Below are records with pictures in them; print them exactly, omitting the pictures.

START SOURCE MATERIAL

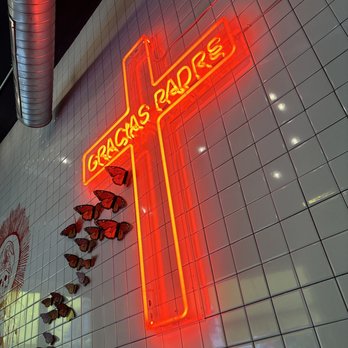 Gracias Padre - Decor inside - Mexican Near Me - Madrid, M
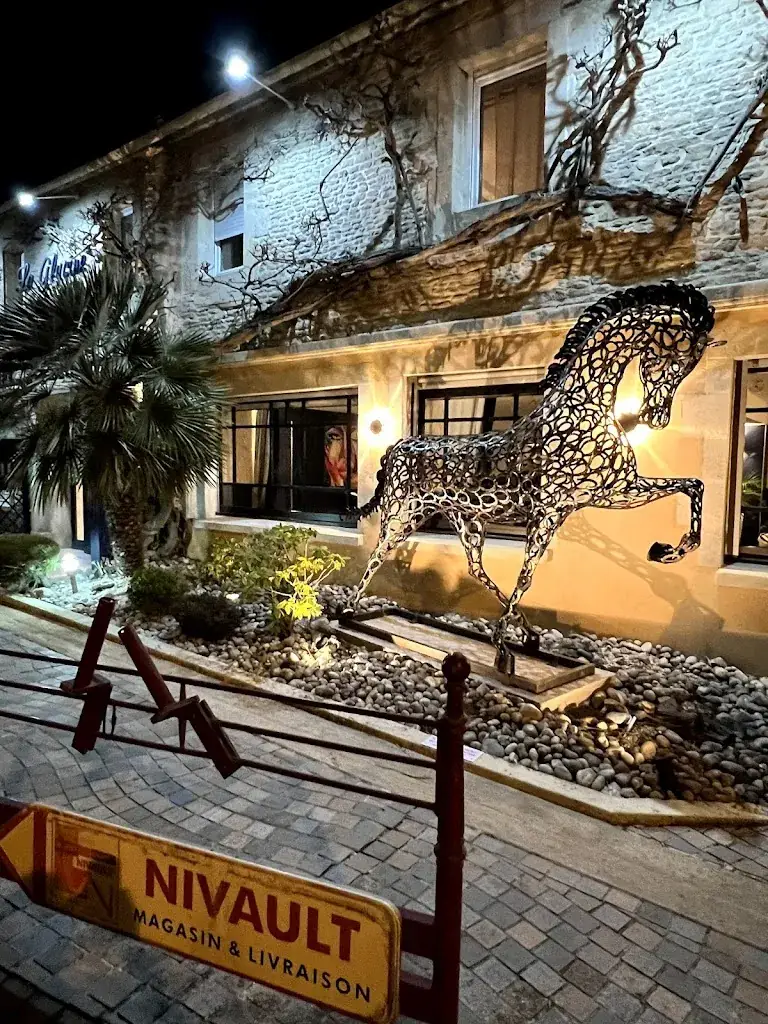 Hôtel Restaurant Spa La Glycine ristorante a Bénouville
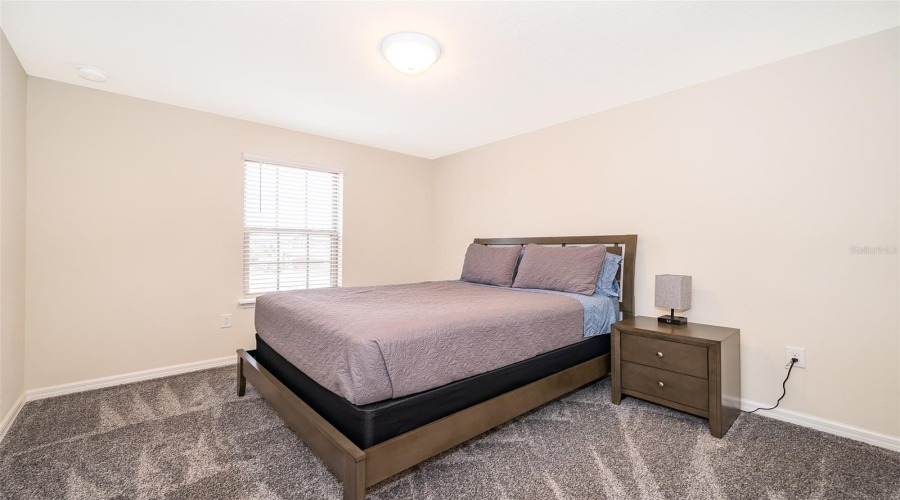 Davenport, Florida 33837, 5 Bedrooms Bedrooms, ,4 Bathroomsbathrooms,Residential,For Sale,Misty Oak,Mfrs5118137
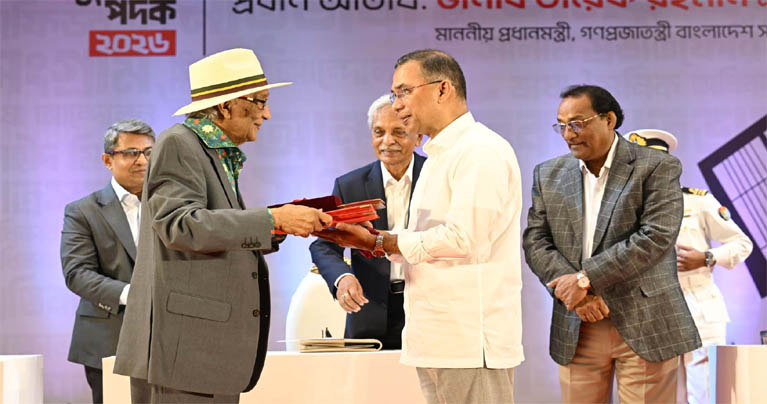 গুণীজনদের হাতে একুশে পদক তুলে দিলেন প্রধানমন্ত্রী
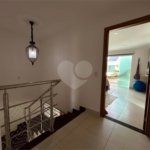 Duplex à venda com 1 quarto, sendo 3 suítes, em Taperapuan, Porto Seguro, BA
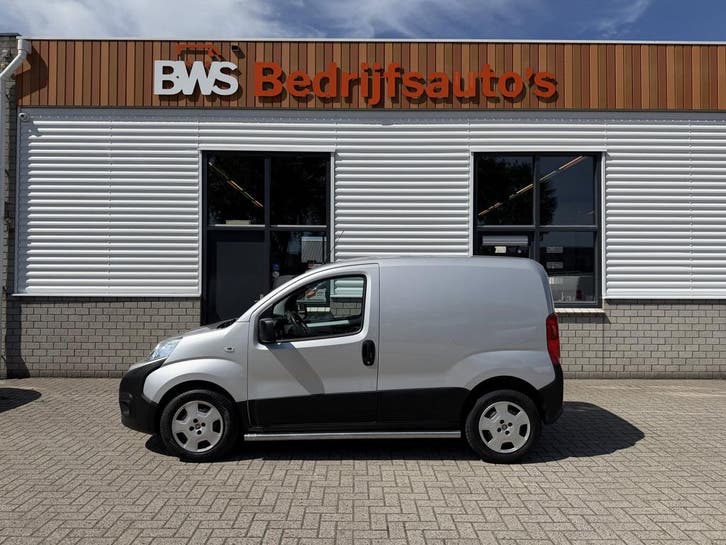 Fiat - Fiorino - Bestelauto - 1.3 MJ Adventure / vaste prijs, Auto's, Bestelauto's, Handgeschakeld, Diesel, Overige kleuren, Fiat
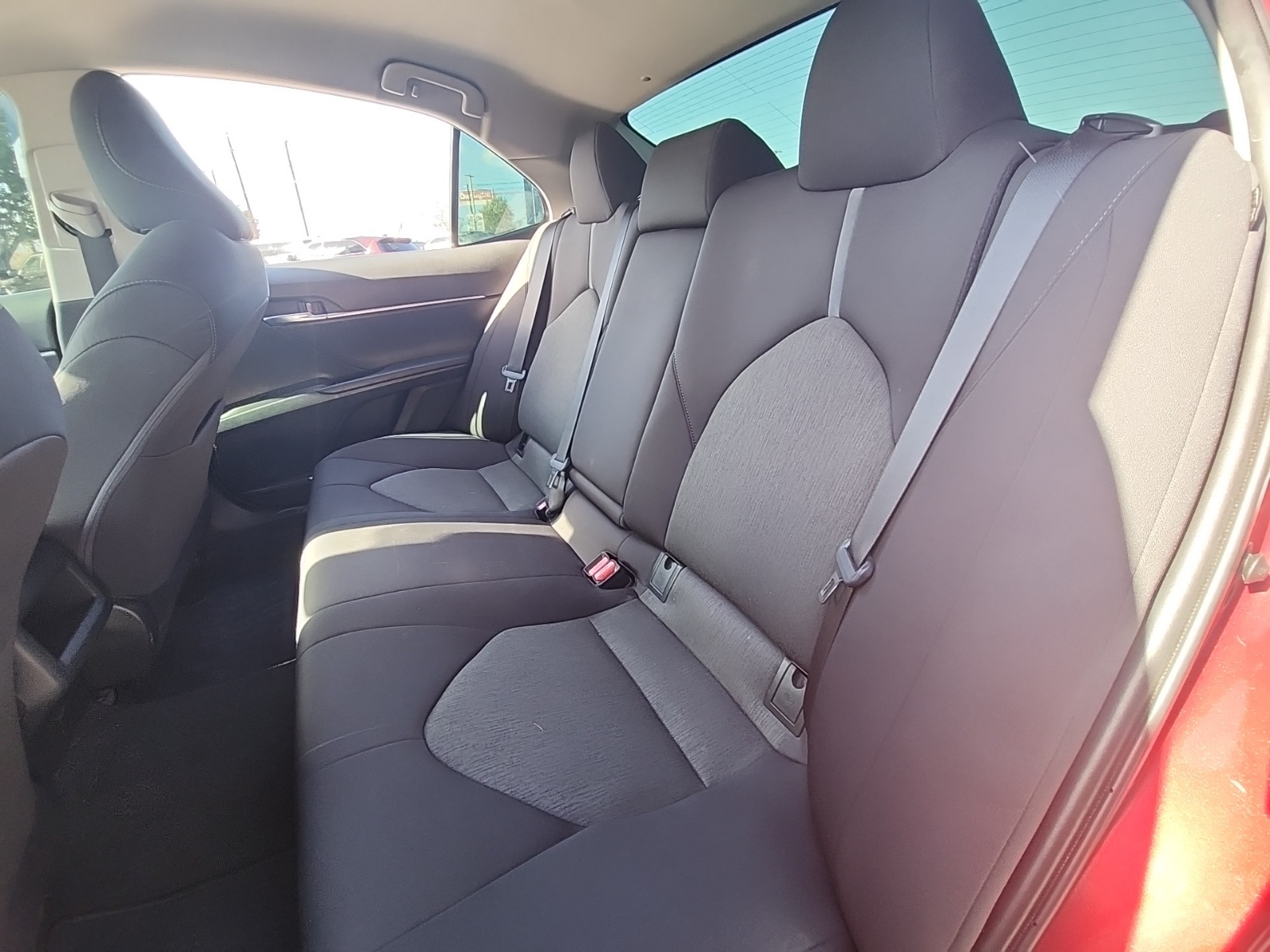 2022 Toyota Camry LE photo 4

END SOURCE MATERIAL

SOLUTION FOR THIS TASK
 Gracias Padre - Decor inside - Mexican Near Me - Madrid, M
 Hôtel Restaurant Spa La Glycine ristorante a Bénouville
 Davenport, Florida 33837, 5 Bedrooms Bedrooms, ,4 Bathroomsbathrooms,Residential,For Sale,Misty Oak,Mfrs5118137
 গুণীজনদের হাতে একুশে পদক তুলে দিলেন প্রধানমন্ত্রী
 Duplex à venda com 1 quarto, sendo 3 suítes, em Taperapuan, Porto Seguro, BA
 Fiat - Fiorino - Bestelauto - 1.3 MJ Adventure / vaste prijs, Auto's, Bestelauto's, Handgeschakeld, Diesel, Overige kleuren, Fiat
 2022 Toyota Camry LE photo 4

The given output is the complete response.